Help is at hand. Here’s how to add a bit of variety to your time on the machines while ensuring you get the most out of every moment of misery and every drop of sweat. It’s also a good time to review the basic, which can help you avoid boredom, not to mention injury.

For starters, you might have reached what some gym-rats call a plateau, where you work out frantically without seeming to build any muscle. You might find that you’re not giving your body an opportunity to recover between workouts.

Try lifting slightly lighter weights for a while, even if it elicits ribbing from your fellow denizens of the weights room.
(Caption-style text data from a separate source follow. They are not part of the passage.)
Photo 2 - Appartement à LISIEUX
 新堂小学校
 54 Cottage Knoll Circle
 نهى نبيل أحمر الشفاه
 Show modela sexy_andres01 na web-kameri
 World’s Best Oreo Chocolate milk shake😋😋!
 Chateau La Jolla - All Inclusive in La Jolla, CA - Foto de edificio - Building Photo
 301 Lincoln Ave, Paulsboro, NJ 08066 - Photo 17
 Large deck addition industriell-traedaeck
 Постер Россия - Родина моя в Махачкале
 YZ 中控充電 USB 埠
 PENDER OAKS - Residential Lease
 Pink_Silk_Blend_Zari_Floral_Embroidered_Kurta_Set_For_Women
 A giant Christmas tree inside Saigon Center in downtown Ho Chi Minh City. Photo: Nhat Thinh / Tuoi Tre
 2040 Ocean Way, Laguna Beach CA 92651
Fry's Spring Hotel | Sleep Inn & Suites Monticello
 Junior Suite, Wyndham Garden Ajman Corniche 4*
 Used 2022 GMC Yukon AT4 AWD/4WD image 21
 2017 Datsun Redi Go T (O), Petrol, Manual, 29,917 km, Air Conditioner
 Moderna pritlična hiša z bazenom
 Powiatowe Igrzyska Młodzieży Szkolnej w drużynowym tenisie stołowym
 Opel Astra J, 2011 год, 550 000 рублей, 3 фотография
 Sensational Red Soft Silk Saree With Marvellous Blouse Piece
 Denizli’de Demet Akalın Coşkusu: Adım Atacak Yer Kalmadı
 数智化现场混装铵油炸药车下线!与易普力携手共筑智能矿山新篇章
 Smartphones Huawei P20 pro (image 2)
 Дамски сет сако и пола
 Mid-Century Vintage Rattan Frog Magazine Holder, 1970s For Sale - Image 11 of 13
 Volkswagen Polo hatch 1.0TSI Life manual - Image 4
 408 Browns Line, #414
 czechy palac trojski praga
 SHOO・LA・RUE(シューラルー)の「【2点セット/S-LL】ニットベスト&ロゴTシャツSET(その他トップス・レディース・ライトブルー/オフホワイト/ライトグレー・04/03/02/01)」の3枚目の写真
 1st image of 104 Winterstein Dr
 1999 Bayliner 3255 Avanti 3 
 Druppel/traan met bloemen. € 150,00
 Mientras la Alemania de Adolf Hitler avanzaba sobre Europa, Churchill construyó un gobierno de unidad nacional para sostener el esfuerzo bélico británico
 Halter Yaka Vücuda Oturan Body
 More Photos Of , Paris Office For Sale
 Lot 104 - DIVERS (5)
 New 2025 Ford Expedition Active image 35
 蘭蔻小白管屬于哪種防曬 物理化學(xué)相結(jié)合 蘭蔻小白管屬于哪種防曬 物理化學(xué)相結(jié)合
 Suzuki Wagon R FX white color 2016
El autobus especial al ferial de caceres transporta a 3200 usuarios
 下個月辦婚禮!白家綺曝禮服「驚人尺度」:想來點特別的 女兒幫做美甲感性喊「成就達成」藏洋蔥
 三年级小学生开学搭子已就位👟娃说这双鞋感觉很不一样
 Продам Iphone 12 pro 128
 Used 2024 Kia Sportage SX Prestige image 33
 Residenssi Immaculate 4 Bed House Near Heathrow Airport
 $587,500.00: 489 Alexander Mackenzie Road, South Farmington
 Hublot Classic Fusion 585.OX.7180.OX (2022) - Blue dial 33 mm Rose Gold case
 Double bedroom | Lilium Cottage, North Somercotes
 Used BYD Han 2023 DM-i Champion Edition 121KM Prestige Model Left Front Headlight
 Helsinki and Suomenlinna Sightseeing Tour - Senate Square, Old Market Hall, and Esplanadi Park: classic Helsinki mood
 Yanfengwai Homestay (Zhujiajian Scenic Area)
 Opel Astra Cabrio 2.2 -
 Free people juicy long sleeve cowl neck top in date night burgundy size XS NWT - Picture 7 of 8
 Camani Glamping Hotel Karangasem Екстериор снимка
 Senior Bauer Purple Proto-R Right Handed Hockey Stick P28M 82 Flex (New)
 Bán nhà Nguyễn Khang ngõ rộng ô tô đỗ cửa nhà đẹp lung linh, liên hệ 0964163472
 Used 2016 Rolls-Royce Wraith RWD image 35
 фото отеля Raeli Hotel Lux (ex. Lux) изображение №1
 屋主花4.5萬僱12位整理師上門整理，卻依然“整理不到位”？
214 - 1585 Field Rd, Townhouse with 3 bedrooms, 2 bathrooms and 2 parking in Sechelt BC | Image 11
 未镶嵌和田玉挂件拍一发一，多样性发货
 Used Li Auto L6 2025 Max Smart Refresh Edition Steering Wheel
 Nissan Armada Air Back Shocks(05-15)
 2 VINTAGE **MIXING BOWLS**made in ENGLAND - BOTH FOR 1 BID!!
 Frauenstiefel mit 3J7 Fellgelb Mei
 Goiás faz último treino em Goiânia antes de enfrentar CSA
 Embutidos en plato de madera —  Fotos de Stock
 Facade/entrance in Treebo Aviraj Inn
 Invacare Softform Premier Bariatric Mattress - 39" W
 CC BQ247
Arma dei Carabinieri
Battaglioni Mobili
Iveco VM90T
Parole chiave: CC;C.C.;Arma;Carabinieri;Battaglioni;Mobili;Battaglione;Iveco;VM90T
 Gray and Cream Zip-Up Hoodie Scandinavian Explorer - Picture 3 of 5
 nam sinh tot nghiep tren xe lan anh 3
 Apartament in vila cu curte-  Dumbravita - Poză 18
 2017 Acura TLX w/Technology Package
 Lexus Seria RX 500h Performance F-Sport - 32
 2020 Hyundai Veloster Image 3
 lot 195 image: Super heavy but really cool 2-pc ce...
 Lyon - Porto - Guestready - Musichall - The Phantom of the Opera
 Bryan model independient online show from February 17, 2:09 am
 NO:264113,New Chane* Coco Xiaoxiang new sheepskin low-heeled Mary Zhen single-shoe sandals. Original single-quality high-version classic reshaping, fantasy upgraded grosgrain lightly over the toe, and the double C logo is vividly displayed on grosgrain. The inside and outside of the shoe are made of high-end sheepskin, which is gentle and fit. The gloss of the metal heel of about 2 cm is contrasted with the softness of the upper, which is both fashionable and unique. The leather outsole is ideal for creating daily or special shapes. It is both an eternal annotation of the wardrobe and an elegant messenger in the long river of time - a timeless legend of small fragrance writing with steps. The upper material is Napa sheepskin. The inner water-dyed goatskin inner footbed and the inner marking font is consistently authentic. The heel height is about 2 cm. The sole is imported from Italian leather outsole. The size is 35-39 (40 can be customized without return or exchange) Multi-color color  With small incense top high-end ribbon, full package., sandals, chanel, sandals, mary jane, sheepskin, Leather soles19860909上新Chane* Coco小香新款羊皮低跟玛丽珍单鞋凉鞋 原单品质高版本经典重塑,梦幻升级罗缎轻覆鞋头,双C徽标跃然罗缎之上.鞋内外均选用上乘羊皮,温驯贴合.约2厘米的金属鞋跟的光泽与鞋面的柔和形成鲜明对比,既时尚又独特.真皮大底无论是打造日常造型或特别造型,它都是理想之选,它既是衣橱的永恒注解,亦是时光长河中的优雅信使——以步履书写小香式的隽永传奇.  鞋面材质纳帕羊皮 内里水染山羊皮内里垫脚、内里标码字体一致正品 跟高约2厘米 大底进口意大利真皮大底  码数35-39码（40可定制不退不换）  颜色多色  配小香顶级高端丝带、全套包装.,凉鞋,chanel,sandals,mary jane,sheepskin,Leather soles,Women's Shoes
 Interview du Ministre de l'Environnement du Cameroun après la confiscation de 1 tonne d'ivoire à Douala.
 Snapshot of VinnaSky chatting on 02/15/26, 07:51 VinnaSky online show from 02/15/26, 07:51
You might find your body reacts by producing some muscle. That’ll shut them up.

Some other points to remember:

  • Even if your workout will be rushed, make time to warm up. Do some stretches, but instead of rushing it, ease into the stretch hold it for about 20 seconds. Then run on the treadmill or spend about 10 minutes cycling.
  • It’s also worth reminding yourself about how to breathe when lifting the weights. You always exhale when lifting the weight and inhale when lowering it.
  • Think through it: this may sound trite, but it works. Visualise yourself completing every move perfectly: “Lift smoothly, don’t rush it, don’t arch your back” and so on. It’ll take a while to get right, but once you get it right you’ll have developed a good habit you can stick with for years to come.
  • Ambush your body: try start off your workout on an exercise bike, with the “interval” routine. You cycle sedately for several minutes, then have a short burst of spectacular speed, then slow down again and repeat the whole thing. This is not for the blokes who like to read books on quantum physics while cycling. The sweat will only make the pages soggy.
  • Watch those hands: try shifting your grip to work the most muscles. A set of biceps curls can start with an overhand grip, which will concentrate on the oft-neglected brachialis muscle. Next, use an underhand grip, which everyone uses to build the biceps, the really big, round one on the front of your upper arm. Combining these two moves ought to give your arm bulk as well as definition.
  • Narrow it down: Your back muscles are strong. To develop properly they need a proper workout, so don’t be afraid to use heavy weights, as long as it’s the muscle that taking the strain and not the spine.
  • One of the better exercises available is the pull-down machine. If you choose a narrow grip with your palms facing toward you, your arms and shoulders will get more of a workout than your back. Keep your arms wide apart and your palms facing forwards, which will help build the latissimus dorsi muscles on the back.
  • Take it slow: We’ve all seen the show-offs who use their body weight to fling heavy sets of weights upwards and let them crash down again with a bang that measures on the Richter Scale and stuns small animals at 20 metres.
  • They might feel good about their workout, but they’re wasting their time. Instead, use a slightly lighter weight and lift and lower it slowly. Count like this: lift to the count of five, lower to the count of five, pausing for a moment and doing five repetitions like that. If you’re doing it correctly, your muscles will be screaming their protest by the second set. What’s more, you’ll pile on the muscle.
  • Finish up with some exhaustion: There’s a wonderfully wobbly feeling you get when you’ve had a good workout and all your muscles are lodging formal protests with the United Nations. There’s a sure way to achieve it, too. Finish your session on say, the bench press, although the pulldown machine will work just as well. Put more or less the heaviest set of weights you’d push and do two sets of ten. Remove say, ten kgs and do another set, then immediately continue to the point of exhaustion. You’ll feel like you’ve been hit by a train, but it’s at that point that you’ll be building endurance and strength.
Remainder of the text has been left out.